# Input
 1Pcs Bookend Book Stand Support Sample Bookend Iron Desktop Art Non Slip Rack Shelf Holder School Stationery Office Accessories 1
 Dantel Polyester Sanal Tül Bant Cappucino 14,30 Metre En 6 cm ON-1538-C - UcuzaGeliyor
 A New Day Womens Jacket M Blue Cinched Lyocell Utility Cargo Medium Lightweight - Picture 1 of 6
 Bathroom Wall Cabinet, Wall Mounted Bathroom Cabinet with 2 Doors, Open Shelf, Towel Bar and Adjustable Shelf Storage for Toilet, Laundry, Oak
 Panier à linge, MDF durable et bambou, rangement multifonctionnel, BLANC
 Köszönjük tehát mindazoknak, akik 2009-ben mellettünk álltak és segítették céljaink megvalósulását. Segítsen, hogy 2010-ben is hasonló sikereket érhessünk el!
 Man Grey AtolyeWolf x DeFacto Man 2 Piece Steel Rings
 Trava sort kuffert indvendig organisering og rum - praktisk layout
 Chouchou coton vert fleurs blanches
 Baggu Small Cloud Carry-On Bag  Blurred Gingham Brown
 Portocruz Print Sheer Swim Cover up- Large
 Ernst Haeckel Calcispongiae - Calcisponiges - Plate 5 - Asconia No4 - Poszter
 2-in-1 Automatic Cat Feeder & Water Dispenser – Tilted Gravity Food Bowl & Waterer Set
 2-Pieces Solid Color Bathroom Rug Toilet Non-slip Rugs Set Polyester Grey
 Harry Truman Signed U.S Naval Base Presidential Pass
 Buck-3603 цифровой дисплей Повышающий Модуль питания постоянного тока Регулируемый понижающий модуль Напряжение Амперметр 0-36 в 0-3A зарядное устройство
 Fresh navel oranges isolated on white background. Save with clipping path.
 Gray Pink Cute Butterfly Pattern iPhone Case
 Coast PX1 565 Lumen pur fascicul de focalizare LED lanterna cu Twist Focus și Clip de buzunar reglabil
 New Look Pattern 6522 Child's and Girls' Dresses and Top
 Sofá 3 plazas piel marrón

# Prompt
Word for word, restate the listing above from its first line to the line with "A New Day Womens", keeping both.

# Task answer
 1Pcs Bookend Book Stand Support Sample Bookend Iron Desktop Art Non Slip Rack Shelf Holder School Stationery Office Accessories 1
 Dantel Polyester Sanal Tül Bant Cappucino 14,30 Metre En 6 cm ON-1538-C - UcuzaGeliyor
 A New Day Womens Jacket M Blue Cinched Lyocell Utility Cargo Medium Lightweight - Picture 1 of 6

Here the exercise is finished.